--- Records ---
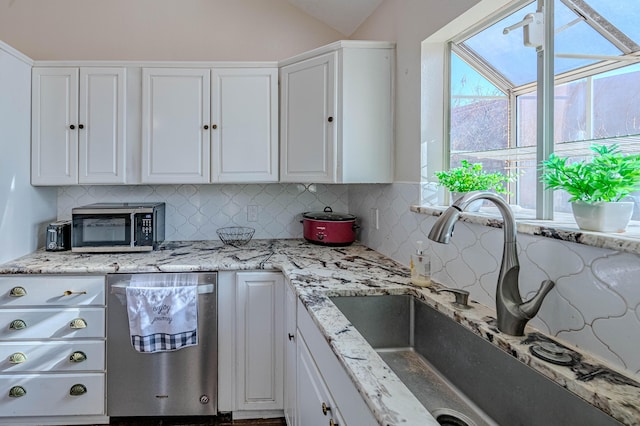 kitchen featuring a sink, stainless steel appliances, tasteful backsplash, and white cabinetry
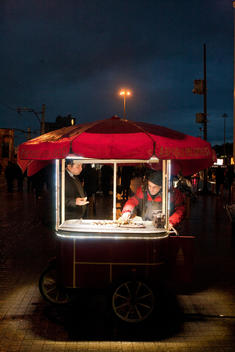 Man is selling food from his food cart on the street of Istanbul.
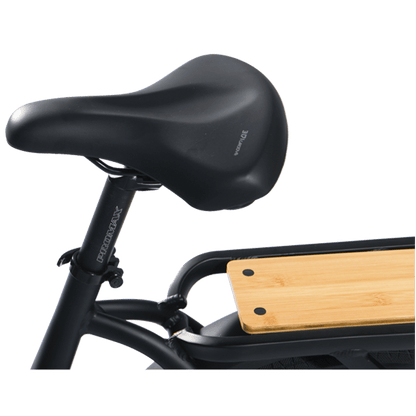 Black bicycle seat with wooden platform on a white background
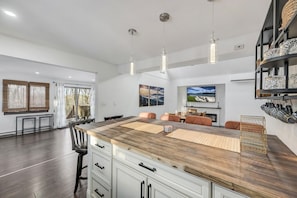 A modern kitchen with a central island, pendant lighting, and a dining area with a fireplace.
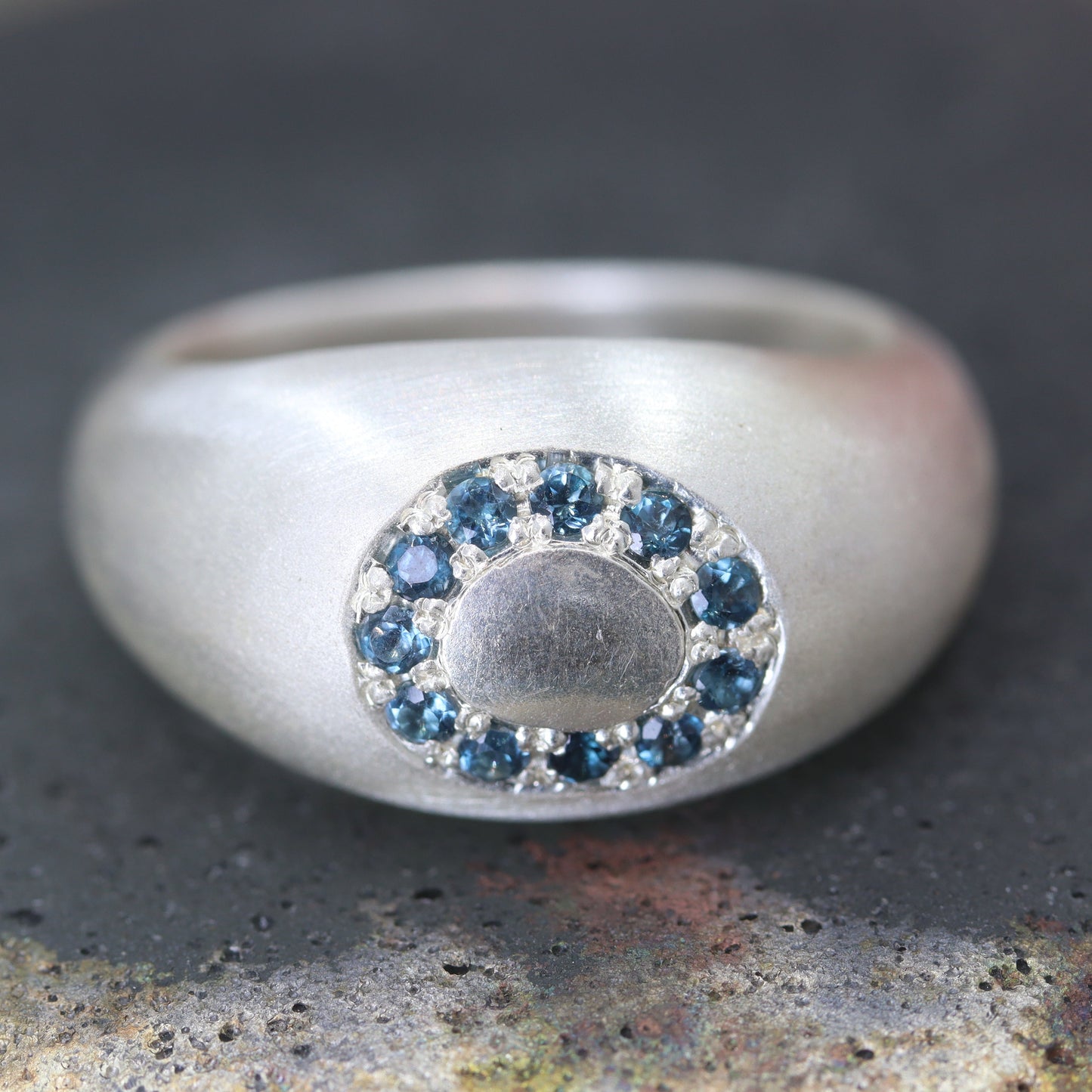 Silver ring with blue gemstones on a textured surface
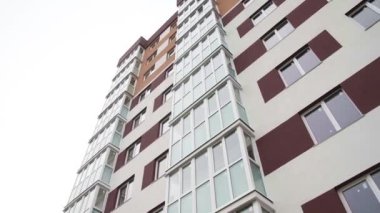 Yeni konut binasının duvarında balkonlar ve apartman pencereleri var.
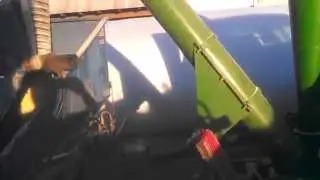 Grinding High moisture corn w/ Lancaster 40 Hammer mill / Ag Bag 6070 10' Bagger in Iowa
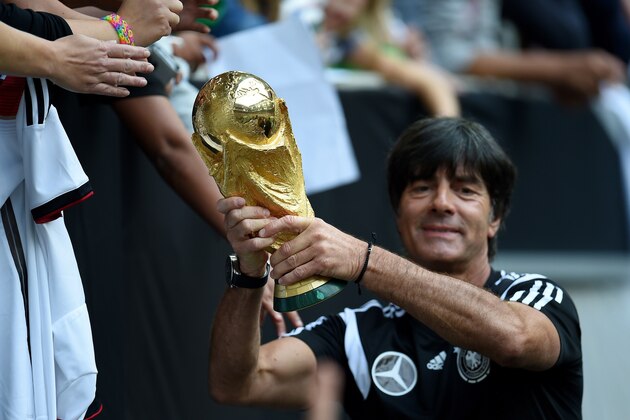 Germany's head coach Joachim Loew shows the world cup trophy during a public training session of the German national football team in Duesseldorf, Germany on September 1, 2014. Germany's squad prepares for the upcoming friendly game against Argentina on September 3, 2014 in Duesseldorf. AFP PHOTO / PATRIK STOLLARZ        (Photo credit should read PATRIK STOLLARZ/AFP/Getty Images)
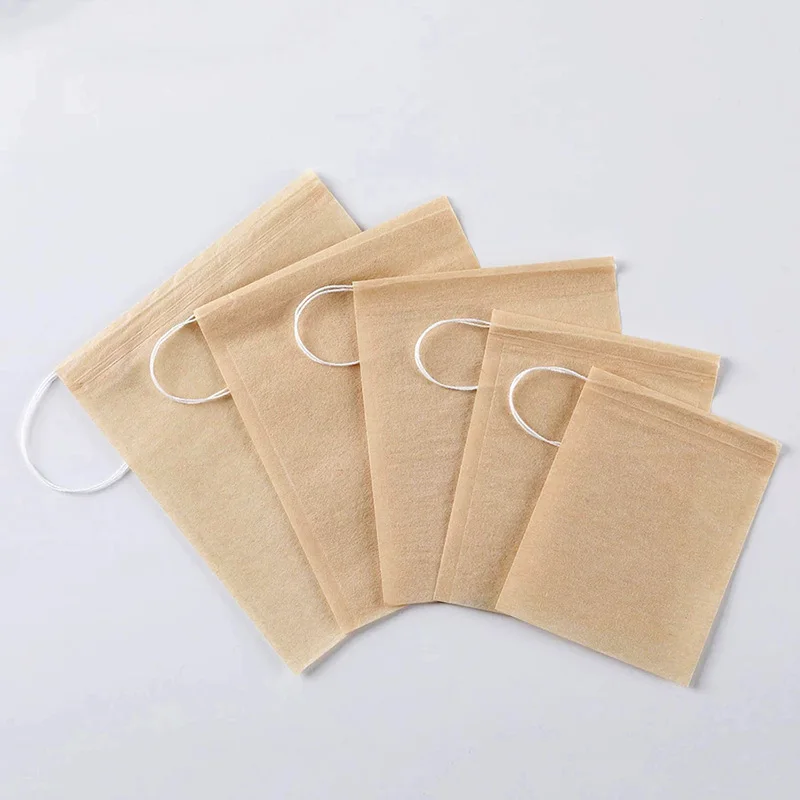 Sachets de thé en papier filtre biodégradable, sachet de thé de qualité alimentaire, écologique, avec cordon de serrage, poudre de feuille libre, passoire de phytothérapie, 100 pièces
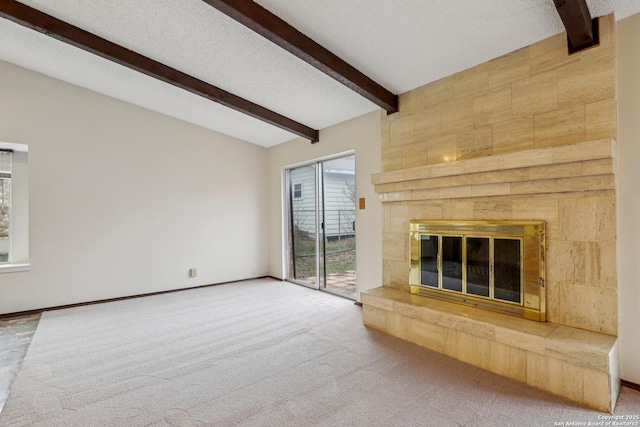 unfurnished living room with beam ceiling, a tiled fireplace, carpet, and a textured ceiling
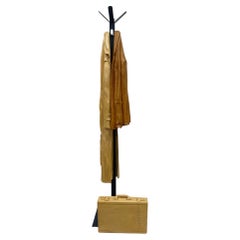 Retro Italian wood-carved sculptures with raincoat and jacket on metal coat rack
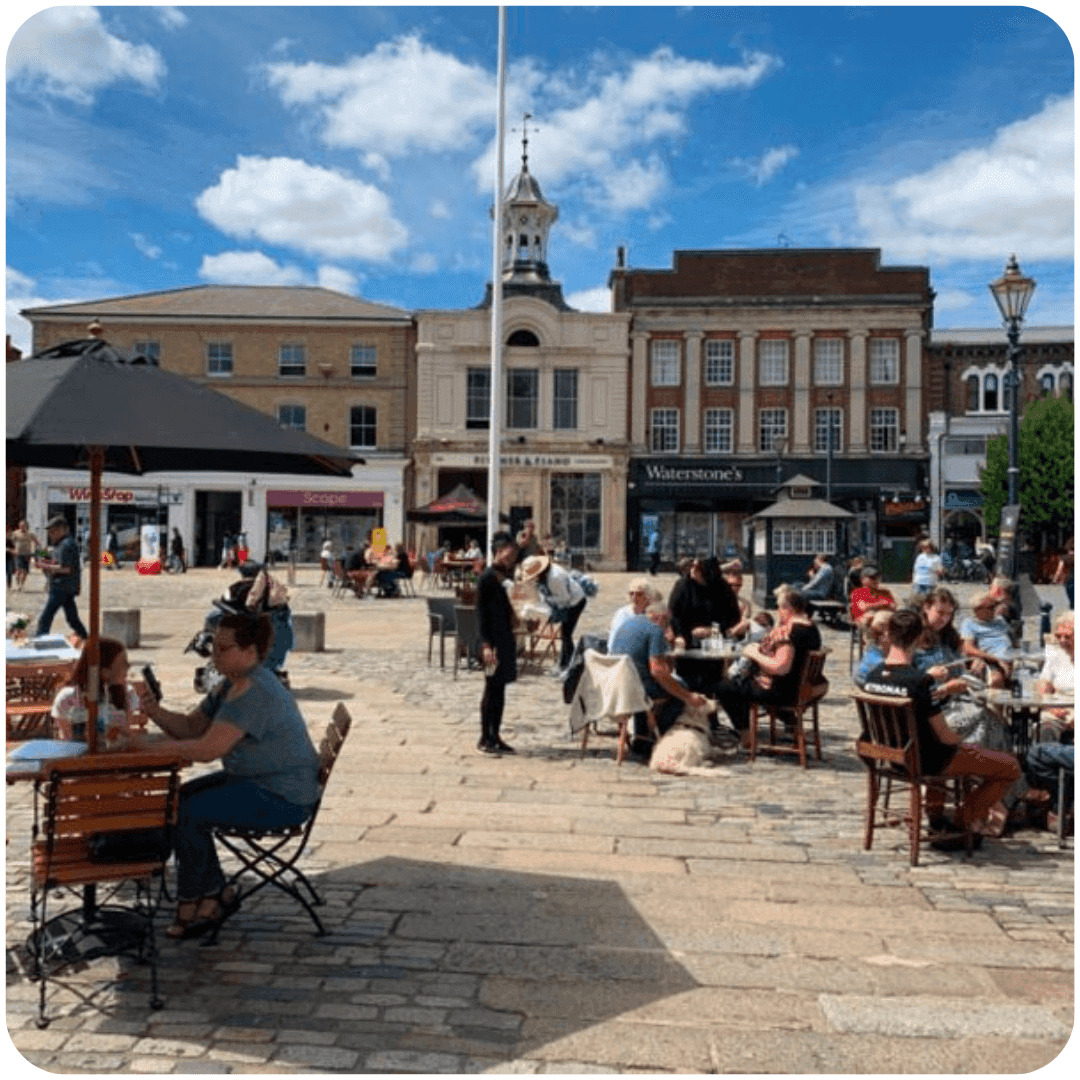 Outdoor cafe with several people dining and chatting on a sunny day in a town square with historic buildings. - Home Instead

--- Activity ---
The response must match the data line for line, from its first line through the line with "Grinding High moisture", inclusive, and must leave out the pictures.

--- Output below ---
 kitchen featuring a sink, stainless steel appliances, tasteful backsplash, and white cabinetry
 Man is selling food from his food cart on the street of Istanbul.
 Black bicycle seat with wooden platform on a white background
 A modern kitchen with a central island, pendant lighting, and a dining area with a fireplace.
 Silver ring with blue gemstones on a textured surface
 Yeni konut binasının duvarında balkonlar ve apartman pencereleri var.
 Grinding High moisture corn w/ Lancaster 40 Hammer mill / Ag Bag 6070 10' Bagger in Iowa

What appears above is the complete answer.